Friday, January 29, 2010

School Projects...love em or hate em?

While all of you are probably rushing out to see the lastest flick this weekend, I'll be making a house for a groundhog. Yes, you read that right. My first grader has to use a shoebox and decorate it as a room in a groundhog house. He is over the moon excited. Me, not so much.
(Attn: PETA, the house is for a cardboard groundhog not a real one so please don't freak out on me)
It's not that I don't adore doing crafty things with him because I totally do. It's the fact that the houses are going to be judged for first, second, and third place. While this probably wouldn't be a problem for a normal person...I'm kind of psychotic when it comes to competition. Especially when it involves my kids. It's not that I really care if they win, it's that I don't want them to feel bad if they don't.

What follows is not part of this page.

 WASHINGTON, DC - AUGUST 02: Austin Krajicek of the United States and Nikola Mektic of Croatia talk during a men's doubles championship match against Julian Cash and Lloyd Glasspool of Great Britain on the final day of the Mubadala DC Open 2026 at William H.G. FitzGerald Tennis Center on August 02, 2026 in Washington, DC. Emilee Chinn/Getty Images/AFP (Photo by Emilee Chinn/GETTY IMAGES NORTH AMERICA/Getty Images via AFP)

And yes, I know, losing builds character, blah...blah..blah. But I'm good with them not getting any extra character until they are about ten.
The hardest part of all is the fine line between helping them with the project and "doing" the project. You always have the parent who constructs a project with motorized parts and looks like it took an engineering degree, which is beyond annoying when I've spent a day trying to figure out how to make a couple of cotton balls look like a couch.

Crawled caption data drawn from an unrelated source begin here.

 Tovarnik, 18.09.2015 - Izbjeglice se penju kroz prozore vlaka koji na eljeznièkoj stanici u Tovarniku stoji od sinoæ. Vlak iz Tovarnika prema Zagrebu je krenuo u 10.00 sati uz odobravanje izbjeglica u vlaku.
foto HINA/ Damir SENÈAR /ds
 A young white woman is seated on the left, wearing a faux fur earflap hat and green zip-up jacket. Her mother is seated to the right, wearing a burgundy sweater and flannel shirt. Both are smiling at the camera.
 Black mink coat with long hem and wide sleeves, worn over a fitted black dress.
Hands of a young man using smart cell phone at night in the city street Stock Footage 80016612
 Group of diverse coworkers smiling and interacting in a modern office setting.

My son hasn't decided if he wants a game room, a workout room, or a library (you can guess which one I'm pulling for), but whatever he decides we'll do our best and have fun!

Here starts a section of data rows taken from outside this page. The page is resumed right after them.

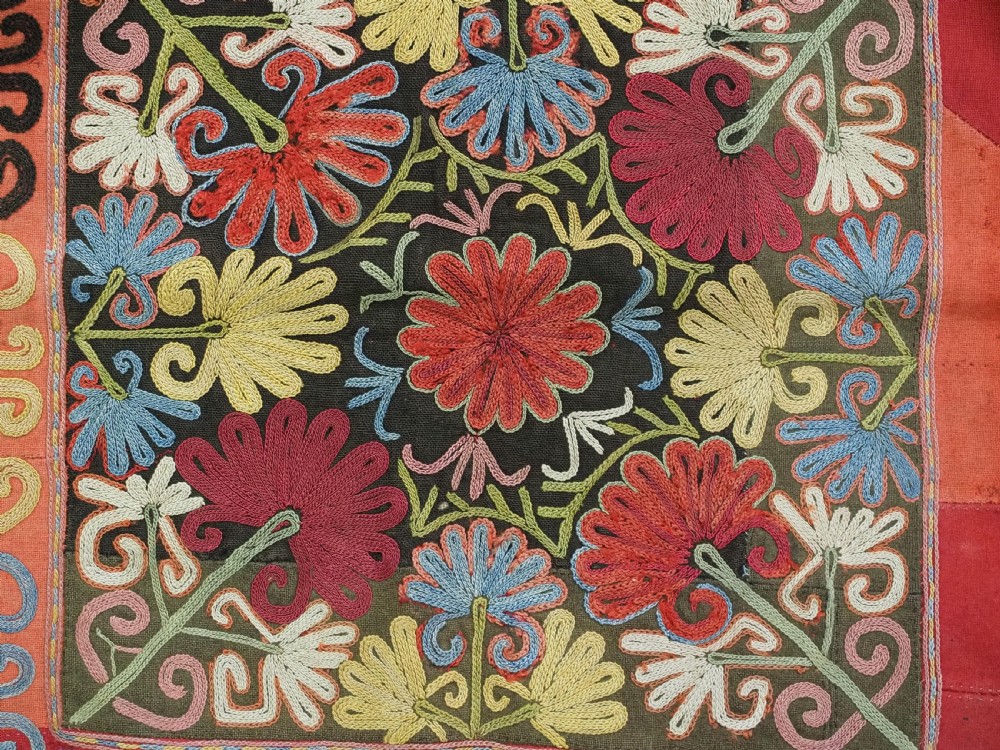 A square antique Uzbek Lakai tribe ilgich embroidery featuring multi-coloured floral and scroll motifs on a red background with fringed edges. View VII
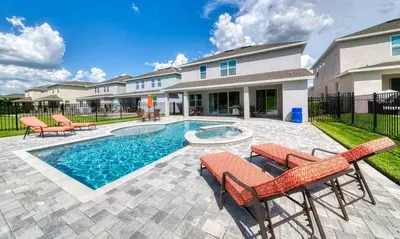 a swimming pool with two chairs and a house at Rent the Perfect 8 Bedroom Villa on Encore Resort at Reunion Orlando Villa 4474 in Orlando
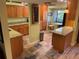 Warm kitchen features granite counters, wood cabinets, a corner dinette and tile floors with stainless steel appliances at 103 Old Mill Pond Rd, Palm Harbor, FL 34683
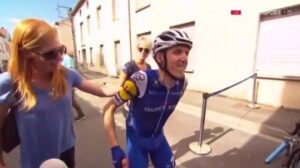 Dan Martin getting off his bike (via YouTube).jpg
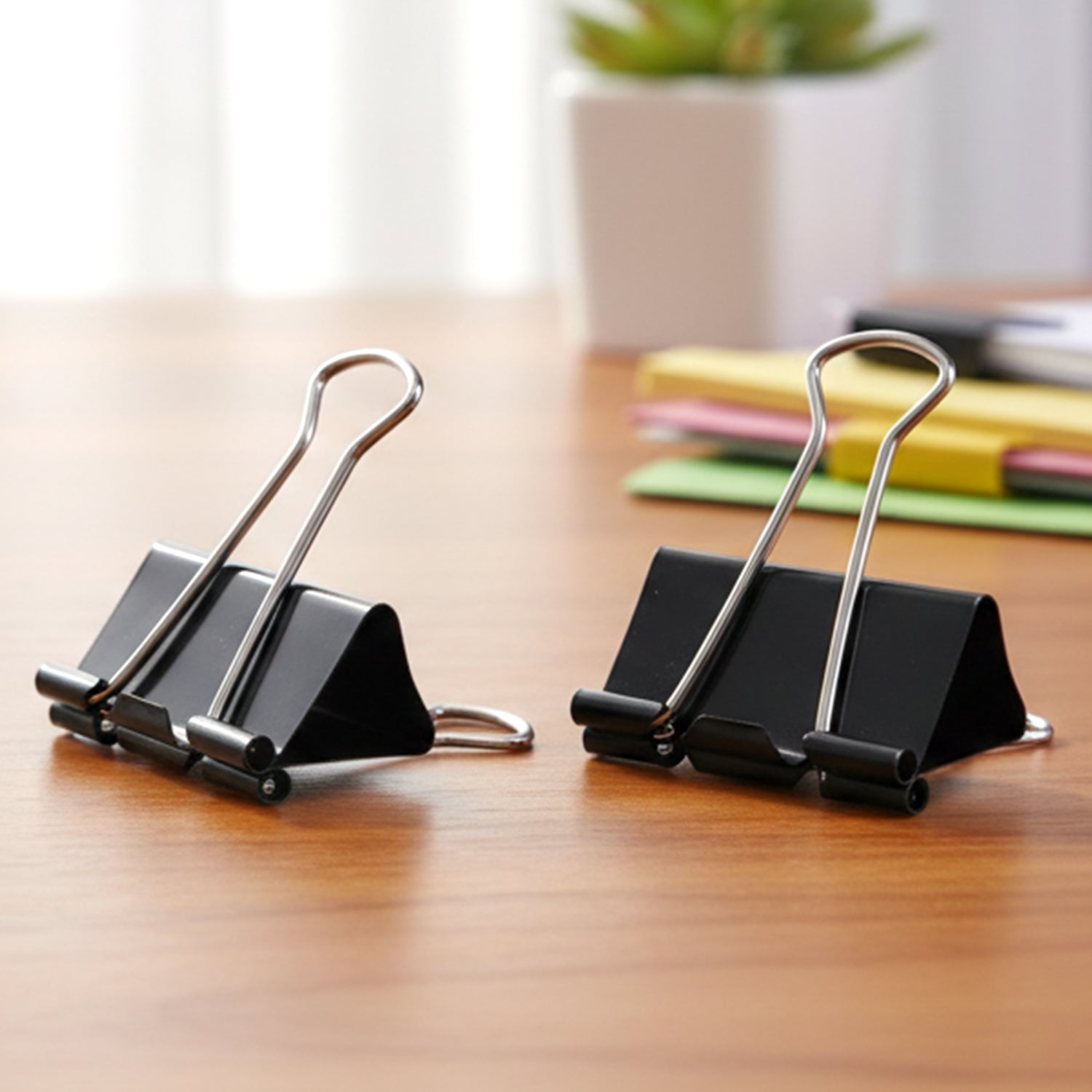 Set of 12 black metal binder clips, 19 mm size, by Wukusy, with open clips showing sturdy metal construction.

Did you have a project in school that your parents "helped" you with a little too much?


xo,
Stephanie

4 comments:

Wendy Toliver said...

My mom is a teacher so I never got any more help than absolutely necessary. I was a pretty artistic kid, though, so my projects typically held their own against those put together with the help of or (or entirely by)parents. P.S. I vote for the exercise room. LOL

TinaFerraro said...

I did almost all of of my own projects, but got assigned to make a weather vane for the classroom in 5th or 6th grade--with wood and bolts, like something a high school woodworking class would make as a final project. I tried to tell the teacher it was way out of my skill level, but she wouldn't listen. Bless my father for stepping up and making it for me, but of course, I couldn't tell the teacher that, and in turn, she accepted it with a nod and an I-told-you-so. Something's real wrong with this story, huh? ;)

Cara King said...

My parents didn't "help" me at all, which wasn't bad, because when I went to school it hadn't yet been decided by the powers that be that "homework" and "projects" were really for the parents to do.

Some of the other kids in my school got helped...and i kind of hated them. I didn't meet my Camp Fire candy sales goal, but the girls whose dads sold the candy at work did. I got only a "satisfactory" on the cardboard Egyptian musical instrument I made (probably because it wouldn't really play), but all the kids with wood instruments got "excellents." (Though they of course didn't actually make them! No one lets their eleven-year-old use a power saw...)

And now on Facebook I'm being surrounded by parents selling Girl Scout cookies for their kids and skipping out on evening entertainments because their kid has a big project due the next day... I admit I really don't understand this world.

(And how can poor kids ever compete???)

Cara

Me said...

My parents always helped if I asked, but never *did* my work for me. The one exception, I think, was an awful 7th grade science project. Btw, even though I was a science geek, I *hated* science fair projects. Blech.